Expose transcription events to the agent (multimodal)
Users need a way to get the transcript for both the agent and participant(s). Currently, the expectation (based on docs) is that the developer would listen for the transcription_received event. However, this event isn't emitted.
Could we provide a way for agents to access the transcripts from within the Python (and NodeJS) code?
This a major issue which is preventing us from upgrading to multimodal agent, quick resolution is highly appreciated....
Fixed by https://github.com/livekit/agents/pull/1001 It is going to be released on livekit-agents==0.11.0 (tmrw)

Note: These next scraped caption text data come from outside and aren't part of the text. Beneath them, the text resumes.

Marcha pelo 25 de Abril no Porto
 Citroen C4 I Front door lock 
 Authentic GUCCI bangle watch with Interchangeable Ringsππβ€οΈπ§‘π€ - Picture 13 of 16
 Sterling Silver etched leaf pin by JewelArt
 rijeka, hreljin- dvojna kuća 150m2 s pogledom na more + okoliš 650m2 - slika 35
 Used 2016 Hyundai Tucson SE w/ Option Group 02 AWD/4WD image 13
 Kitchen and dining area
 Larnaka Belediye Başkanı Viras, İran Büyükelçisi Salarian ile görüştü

Hi, I see that agent_speech_committed event has been added, but this seems to wait for the entire response before emitting. Is there a way to get intermediate transcriptions from the agent? Thanks!
Hi, I see that
agent_speech_committedevent has been added, but this seems to wait for the entire response before emitting. Is there a way to get intermediate transcriptions from the agent? Thanks!
Bump
agent_speech_committed and user_speech_committed are not emitting for my multimodal node.js project (created from your quickstart documentation) and they are not listed as events in the documentation (unlike Python). Will these be added soon? They are fairly crucial for us and the last major component for us to start testing with users.
@creightontaylor : see https://github.com/livekit/agents-js/issues/164. We're working on it this week.
@mike-r-mclaughlin awesome! I eagerly await this release! I'm confidently we'll figure something out because you already have it for Python. I'm prepping with some functionality around it.